Google Meet comes with a ton of built-in features to improve the quality of group video calls. One of the newest additions to the platform is the ability to identify the origins of the echo and notify the user accordingly. In addition to letting the user know when they’re causing an echo, Google Meet will now offer recommendations on cutting down echoes during a call.
The user causing an echo will be notified with a red badge on the options button accompanied by a text notification. Tapping the options button will take you to the Troubleshooting & Help section for “Audio & video devices.”
As 9to5Google points out, Google Meet already has the ability to remove echoes from group calls. Despite these measures, echoes can still make their way into group calls. This update should go a long way in rectifying such incidents. Prior to this update, it was almost impossible to tell which user in the call is causing the echo.
Troubleshooting steps include wearing headphones, lowering the speaker volume, etc
So how does one reduce echo from their group calls on Google Meet? Well, Google recommends lowering your speaker volume, muting yourself when you’re not speaking, or simply by using headphones. This feature is enabled by default and hence won’t require manual intervention.

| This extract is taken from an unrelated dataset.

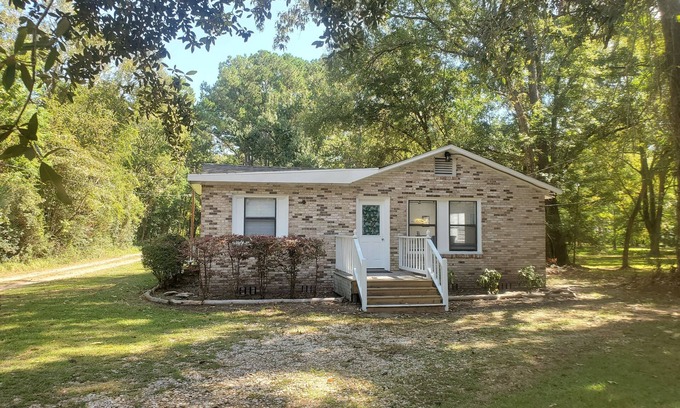 Driftwood Casa | Cozy and quiet getaway close to Park & Bay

Google said that the feature is rolling out now and should be available to all Google Workspace users over the coming weeks, including G Suite Business and Basic customers.
In June this year, Google updated the ‘Raise your hand’ feature on Meet to make it more visible to participants of the call. This is a crucial feature for group calls, allowing participants to make their voices heard without interrupting the speaker.

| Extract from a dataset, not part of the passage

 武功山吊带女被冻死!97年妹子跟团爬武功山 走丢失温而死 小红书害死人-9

In another recent change, free users were limited to just 60 minutes of group video calling. This was down from the previous limit of 24 hours. Users would receive a notification 55 minutes into their group call, alerting them of time running out. However, free users can restart the group video call and have it going for another hour. Free users can have up to 100 participants per group call, while paying users can have up to 250 people in a group call.